Pauliceia desvairada só foi publicado em julho de 1922, mas Mário de Andrade leu alguns poemas durante o evento no Municipal, em fevereiro. "Para o texto que vou desenvolver, é fundamental analisar a capa do livro e ver como a imagem vai ter um desdobramento", explica Verônica. "Nossa ideia é pensar a semana e o século, como ela se dá no século, e nas ruínas de 1922, mas não pensar como algo melancólico, e sim como a própria ideia da ruína acaba sendo constitutiva de algumas obras."

Uma das ruínas pensadas por Verônica é a própria capa do Pauliceia desvairada, que tem como imagem de fundo a estampa de uma roupa de arlequim, colorida, geométrica e fragmentada. Ruína, como a estampa, é um fragmento que pode ser utilizado para reconstituir um objeto ou uma narrativa. "A partir desses pedaços, a gente consegue pensar o todo. Queremos pensar a ruína como constitutivo de uma série de trabalhos do modernismo brasileiro em diante. A gente tem, na verdade, uma mistura de muitos tempos", explica. "Originalmente, a roupa do Arlequim era feita a partir de pedaços de tecido, de fragmentos. E são justamente esses fragmentos, esses pedaços que chegaram a nós."

Para ler

As editoras aproveitaram a celebração dos 100 anos da Semana de Arte Moderna de 1922 para lançar uma série de livros sobre o evento e o modernismo no Brasil. Entre eles estão reedições e novas publicações que valem a pena ser consultadas para se ter uma noção do que pensavam os modernistas.

A Todavia publicou Lira mensageira: Drummond e o grupo modernista mineiro, um ensaio de Sérgio Miceli que mergulha no impacto do modernismo entre a intelectualidade e a classe artística mineira, mas também analisa as obras de estreia de nomes como Mário de Andrade, Oswald de Andrade e Menotti del Picchia.
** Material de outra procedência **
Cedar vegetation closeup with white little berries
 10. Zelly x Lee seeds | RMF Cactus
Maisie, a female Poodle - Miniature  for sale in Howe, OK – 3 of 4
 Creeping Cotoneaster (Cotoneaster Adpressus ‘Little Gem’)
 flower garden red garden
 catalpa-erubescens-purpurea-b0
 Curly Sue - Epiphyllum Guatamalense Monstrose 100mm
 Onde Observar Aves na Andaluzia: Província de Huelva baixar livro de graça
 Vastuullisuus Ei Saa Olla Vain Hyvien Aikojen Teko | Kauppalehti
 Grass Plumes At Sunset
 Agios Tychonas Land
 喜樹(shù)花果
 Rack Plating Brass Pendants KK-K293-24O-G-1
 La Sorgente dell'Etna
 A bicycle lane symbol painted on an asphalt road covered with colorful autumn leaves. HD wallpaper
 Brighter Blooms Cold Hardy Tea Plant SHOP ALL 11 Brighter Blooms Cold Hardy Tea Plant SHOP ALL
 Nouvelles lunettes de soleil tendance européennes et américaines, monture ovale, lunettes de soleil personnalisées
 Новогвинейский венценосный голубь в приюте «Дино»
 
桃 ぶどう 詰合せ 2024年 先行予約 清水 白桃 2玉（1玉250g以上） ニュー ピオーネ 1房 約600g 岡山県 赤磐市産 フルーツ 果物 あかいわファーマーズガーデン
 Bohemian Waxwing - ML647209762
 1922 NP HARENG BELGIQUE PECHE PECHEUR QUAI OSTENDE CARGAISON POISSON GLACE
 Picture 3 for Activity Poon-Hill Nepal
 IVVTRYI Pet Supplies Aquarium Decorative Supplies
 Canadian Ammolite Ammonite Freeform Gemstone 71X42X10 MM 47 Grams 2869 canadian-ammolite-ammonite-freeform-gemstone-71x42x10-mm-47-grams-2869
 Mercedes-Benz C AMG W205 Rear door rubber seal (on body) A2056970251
A editora também trouxe de volta a reedição de Mario de Andrade por ele mesmo, uma compilação de cartas organizadas por Paulo Duarte, responsável por convidar o poeta e escritor para dirigir o Departamento de Cultura de São Paulo, em 1935. O livro foi lançado em 1971 e estava esgotado.

Como a moda e as escolhas de roupas de Tarsila do Amaral e Oswald de Andrade carregavam também uma mensagem modernista é um dos temas de O guarda-roupa modernista, de Carolina Casarin, lançamento da Companhia das Letras. A autora mergulha, sobretudo, nos tempos em que o casal Tasiwald circulava pelos ateliês da alta costura em Paris e traz histórias saborosas que unem o pensamento da dupla e a maneira como se vestiam. Também pela Companhia das Letras, chega às livrarias nova edição de Parque industrial, o romance proletário de Pagu, ou Patrícia Galvão.

Clássico da literatura modernista, Macunaíma está na lista de reedições. A José Olympio recuperou a capa original de Thomaz Santa Rosa e o texto revisado pelo próprio Mário de Andrade. Publicado originalmente em 1928, o livro sobre o "herói sem nenhum caráter" que deixa a aldeia e vai a São Paulo em busca da própria sorte tornou-se uma referência do movimento moderno por causa do tema brasileiro e da experimentação da linguagem.